February 7 – 9, Oakland will host the first-ever Startup Weekend – Black Male AchievementStartup Weekend is a globally-adapted model that begins with Friday night pitches and continues through brainstorming, business plan development, basic prototype creation, and culminates in demos and presentations. Oakland’s version of the event is designed to support mentoring and collaboration between young students of color and established technologists.

“Most hackathons allow you to form a homogenous team with little to no diversity,”  said Kalimah Priforce, a principal coordinator. “We don’t. We’ve been met with a lot of a resistance for that. I’m literally getting emails from techies saying, ‘I see we’re supposed to be partnered with black kids, are we going to be prepared in any special way for that? I’m nervous about that.’ So it just proves to me how necessary this event is.”

Priforce has positioned his professional life right in the gap where tech industry prosperity fails under-served communities, and black youth in particular. He designs educational software as the founder and CEO of Qeyno Labs and is part of the team behind The Hidden Genius Project, a free-admission tech program for young black men and men of color

The Startup Weekend event will be a rare opportunity to bring techies and local youth of color together in a shared collaborative space. As tensions rise between techies and anti-gentrification activists, Google employees and Google-bus protestors, those benefiting from development and those who have been its casualties, Priforce and his partnering organizations are engaging technologists in the making of local solutions, rather than condemning them from Oakland.

“There are techies that want to engage with their larger community; they just haven’t really figured out how to do that. We’re giving them the perfect venue,” said Priforce.
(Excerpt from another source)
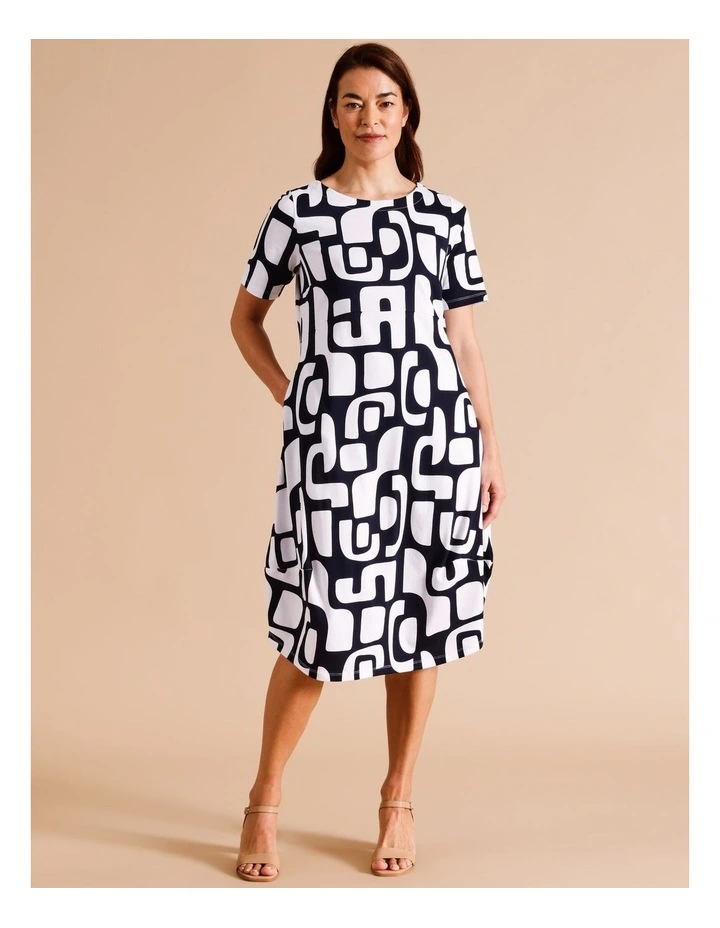 Organic Cotton Short Sleeve Knit Dress With Darted Hem And Pockets In Navy/ White Abstract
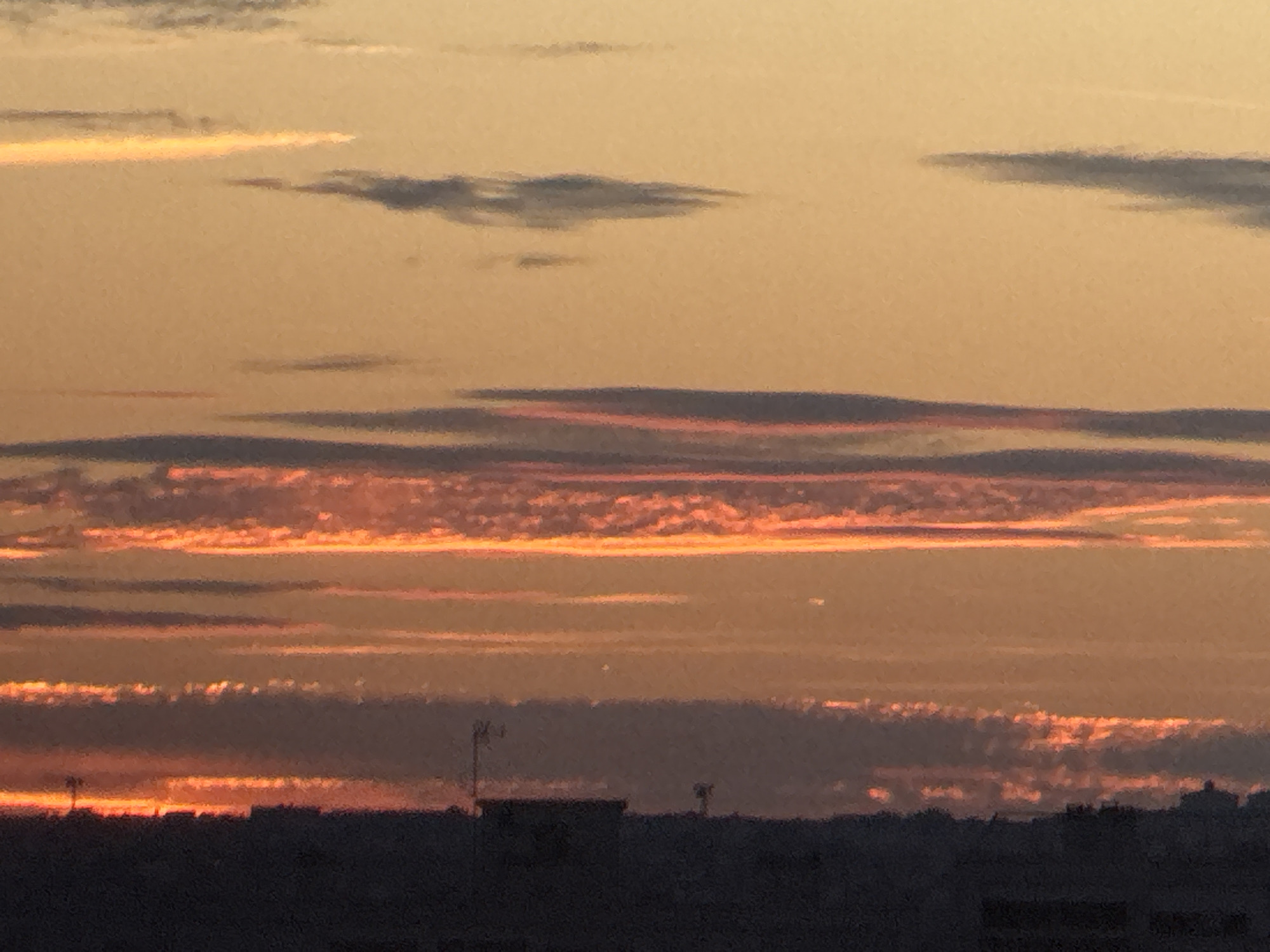 The image shows a dusky sky over a silhouetted cityscape. The sky is a gradient of warm oranges and yellows, with distinct horizontal cloud formations. Some clouds are illuminated from below with fiery orange and red hues, while others are darker grey. In the lower portion of the image, the dark silhouettes of buildings and structures are visible, with a few faint lights suggesting urban activity. A tall, thin antenna or pole is visible on the left side of the silhouette. The overall impression is of a sunset or twilight over an urban area.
Priforce spent most of his childhood and adolescence along with his brother in a group home in the Bed-Stuy neighborhood of Brooklyn. But while he went on to Oxford and tech entrepreneurship, his younger brother was shot and killed at eighteen.

Priforce decided he wanted to be an educator when he realized, “the only difference between us [my brother and me] was that I was exposed to people who believed in me, and when I gained an interest in computers – they fostered my curiosity.”

After success in the private sector, he became one of the educators at The Hidden Genius Project. The two-year-long after-school and summer program provides black and brown male youth with the mentoring, skills and resources to obtain and create technological jobs — for free.

“Young black youth statistically consume and use social media at higher rates than any other group,” said Priforce, “but you can’t find them in the industry. Hidden Genius helps them become the architects of the platforms they use every day.” In this way, THGP doesn’t just empower its individual students, it works to correct the biases of our digital infrastructure, a digital infrastructure that has largely been coded by white and Asian men.

“I never thought I would learn this kind of stuff. I never thought I could learn how computers work,” said Mohammed Abdulla, a sophomore at Oakland Tech and a Hidden Genius student who was born in Yemen. “We came into the program kind of disorganized and unfocused, just sloppy… I think learning how to code was also really learning how to think. My homework is easier, I know how to talk and be brave. The growth is enormous.”

Ayori Se, another collaborator on the Startup Weekend event, believes that only people from under-served communities will innovate the technological solutions particular to life in those communities. “We ask questions like, ‘could an app have saved Trayvon Martin’s life?’” said Se.

Se is the founder of Pitch Mixer, a typical Entrepreneur Forum, in which participants are given the opportunity to hone their pitches and pick the brains of investors and peers, the twist being that Pitch Mixer is free.

“It takes courage to participate in a hackathon or a forum, and it takes even more courage to be the one Black person participating.” However, she explained, “Just the fact that a Black woman is hosting the mixer goes a long way in making other people of color feel like they belong. So of course there’s a gap in resources, but there’s also these more surmountable problems like perception and inclusion and getting to be in the room.”

Se grew up “rice and beans poor,” taught herself computer programming, forged a way in, and now works as Product Manager for Salesforce. She says that she continues to be confused for an intern.

Pitch Mixer brings together entrepreneurs from all markets and sectors to find ways to benefit from adapting tech solutions to their particular business. The way Se sees it, supporting people of color in tech is not merely an issue of diversity in the workplace or affirmative action, because the tech industry represents more than a sum of lucrative manufacturing jobs.

“All industries have been forced to adopt and adapt themselves to tech,” she said. Tech insinuates itself and reshapes from within, not just existing industries but almost every aspect of our lives, down to the most subtle ideologies embedded in the software. To hear Se describe it, her work is not merely about jobs, it’s about a ensuring that the tools with which we are building the future are not entirely in someone else’s hands.